Most of us figure out how to do it within the first couple of years of our existence. As we grow out of infancy, we begin to become aware of our extremities and start testing. We grasp with our pudgy fingers, using our rubbery arms to pull ourselves up on wobbly legs to a very shaky stance.
Then it happens. We toddle. A process that includes more falling than anything resembling walking.
Eventually, we grow more confident, stronger and before we know it we’re walking, running, and heck, some of us are even jumping.
I don’t know about you but I never gave much thought to the process of walking. It was just something you did. It wasn’t like learning how to ride a bike, or even learning how to roller skate. With those activities there were instructions, rules even, to follow.
About the only things I ever heard about walking was, “walk, don’t run!” or “be careful where you walk” or even, "walk this way" which, I guess can be construed as instruction.
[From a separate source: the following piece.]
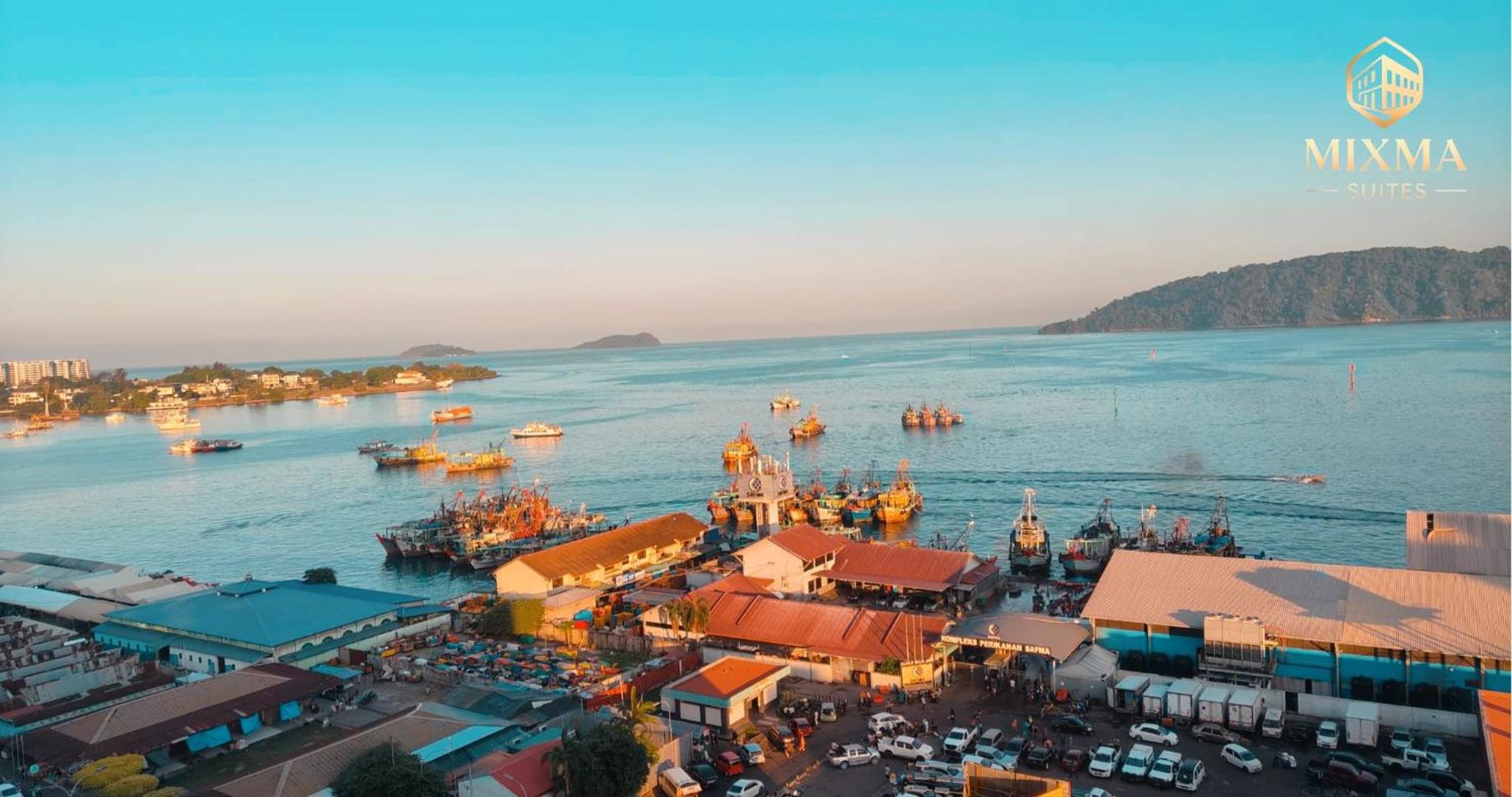 Panoramic Seaview KK City The Shore at Mixma Suites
Over time we each develop our own walking form. This form is predicated on many factors. But, still, I don’t think there is much thought about the process, except of course for those folks walking competitively or those folks who learn to walk for fitness. There are rules of form related to such walking.
My concerted efforts to walk faster have resulted in me paying much more attention to form. I’ve discovered that to walk faster I must breathe differently. I’ve had to alter my gait. Not to mention adjust my posture and surprise, surprise lift my feet. In fact, my entire leg (well both of them) is fully engaged. Actually, this walking exercise is a full body experience.
Anyhoo, I am so into the process now that I’m inclined to believe that the occasional trip on a sidewalk that inexplicably rises up to meet me is just me feeling nostalgic for the good old days, like March 3, 2009.